McDermott Adds Former IP Boutique Leader in Boston
Kristina Bieker-Brady, a co-founder of Boston's Clark & Elbing, is joining McDermott Will & Emery as a partner in its intellectual property practice as the firm seeks news ways to advise its early-stage life sciences client base.
January 24, 2018 at 03:19 PM
5 minute read
If the first weeks of 2018 are any indication, Boston is poised to become one of the hottest markets for law firm lateral hires in the coming year.
Quinn Emanuel Urquhart & Sullivan, Sidley Austin, Kirkland & Ellis and DLA Piper are just some of the Am Law 100 firms that have been busy hiring in Boston within the past few weeks, staffing offices in the city both new and old.
McDermott Will & Emery, which late last year sought to expand its financial technology expertise by adding a three-lawyer team from Debevoise & Plimpton, is now poised to expand its intellectual property practice in Boston by bringing on partner Kristina “Kris” Bieker-Brady from Boston-based IP boutique Clark & Elbing.
Bieker-Brady, who holds a doctorate in molecular biology from Princeton University, began her legal career as a patent agent at noted IP-focused firm Fish & Richardson. Upon graduation from Boston College Law School in 1996, she co-founded Clark & Elbing, where since 2010 she has served on the firm's three-partner managing committee.
For more than 20 years, Bieker-Brady has handled a variety of IP matters for life sciences companies, such as patent prosecution, life cycle management, licensing and collaboration strategies and patent strategy. But as Bieker-Brady's client base grew, it began demanding more than what the 10-lawyer life sciences prosecution firm could handle, she said.
“My clients grew to the point they were doing [initial public offerings], M&A activity and a lot of financings,” said Bieker-Brady, who also works with many early-stage companies in the life sciences sector. “It was getting lonely over there being in a prosecution-only firm, because I didn't have any securities counsel and what not.”
Part of what Bieker-Brady aims to accomplish in her move to McDermott, which was handled by Gary Cadogan of JR Search, a broker for many a notable Big Law move in Boston, is to create a team-based model that will combine lawyers from different practice areas to deliver legal services to emerging life science companies.
By tapping into the IP bench strength and global platform that McDermott already has and by linking up with a larger life sciences group, Bieker-Brady sees an opportunity to create a long-term strategy to capture and capitalize on such client work.

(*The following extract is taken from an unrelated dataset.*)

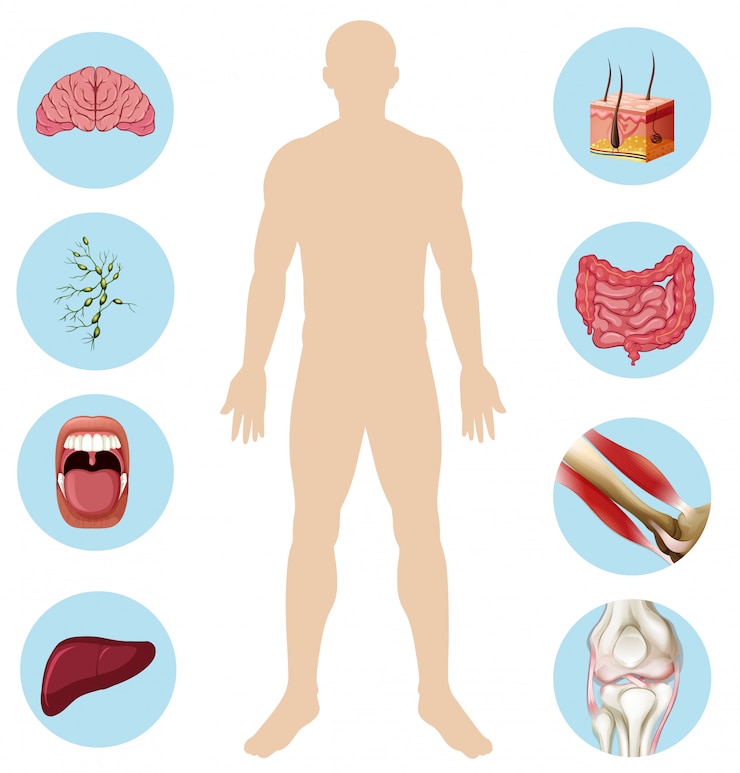 Vector human organ anatomy part of body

“My whole discussion with McDermott from day one was about doing [this] because it's clear my clients needed it,” Bieker-Brady said. “Almost all of them, even the early-stage clients, almost always use a minimum of three firms and it's the client that manages the interface. So there's a huge amount of slippage both economically, but more importantly, informationally.”
McDermott's Boston office opened in 1981 and now has more than 50 lawyers working on matters in the life sciences, private equity and technology space, areas that have driven many of the firm's Am Law 100 competitors into the city over the past year.

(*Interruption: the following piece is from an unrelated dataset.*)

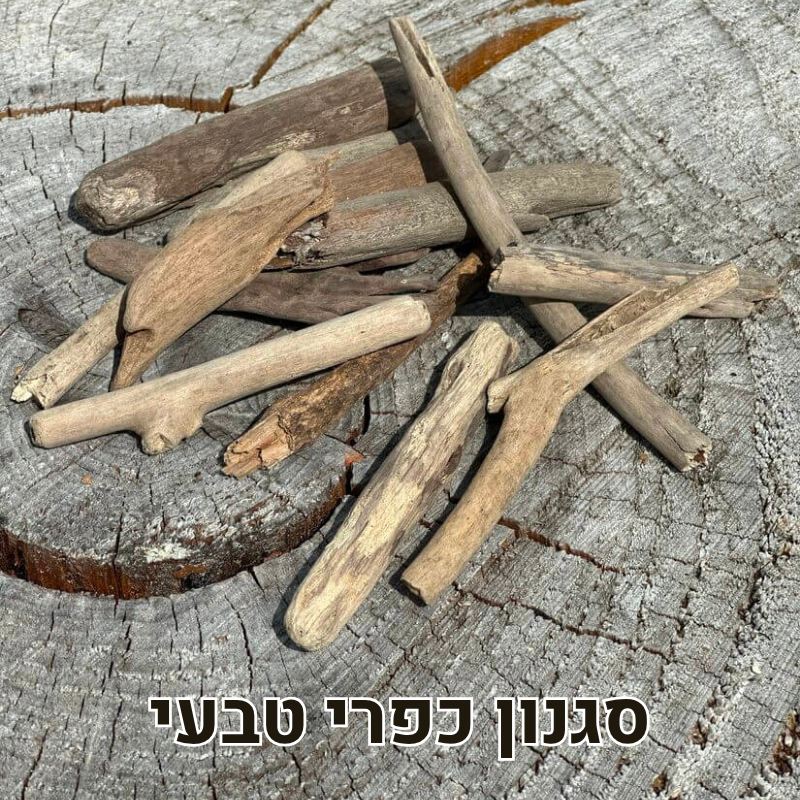 עצי סחף דריפטווד טבעי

“The life sciences sector is one of the fastest-growing industries in the nation, especially in Boston,” said a statement from Sarah Columbia, a member of McDermott's management committee and a former head of its IP practice. “We look forward to having [Bieker-Brady] join our team and bring her IP prowess in the life sciences arena to bear for clients both here in Boston and across McDermott's global platform.”
McDermott, which ushered in new leadership in late 2016, has watched several former practice leaders leave for other firms in recent weeks.
Earlier this month, Latham & Watkins welcomed McDermott's former tax controversy co-chair Jean Pawlow as a partner in Silicon Valley and Washington, D.C., a move that came after Polsinelli picked up five IP litigators from McDermott, including Fabio Marino, the former leader of its Northern California IP practice. Brian Gaff, another IP litigator with McDermott in Boston, joined Fish & Richardson just before Thanksgiving.
Kirkland also hired McDermott private equity partner Michael Sartor in Boston shortly after Christmas, although McDermott recently hired former Kirkland associate Paul Helms as a partner for its government and internal investigations practice in Chicago. Helms, who spent nearly the past eight years as an enforcement lawyer with the U.S. Securities and Exchange Commission, heads to McDermott only a few months after the firm hired former Kirkland corporate partner Anh Lee in Chicago.
McDermott made a series of other lateral hires late last year, adding Paul Hastings data privacy and cybersecurity partner Ashley Winton in London, hiring former Ropes & Gray associate Michael McStay as a corporate partner in Chicago and nabbing former Nixon Peabody M&A partner Xueqing “Linda” Ji in Boston.
In October, McDermott recruited Christopher Adams, a former managing director and head of discovery consulting at Consilio LLC in Washington, D.C., to serve as chief strategic counsel for a new electronic discovery unit in the nation's capital.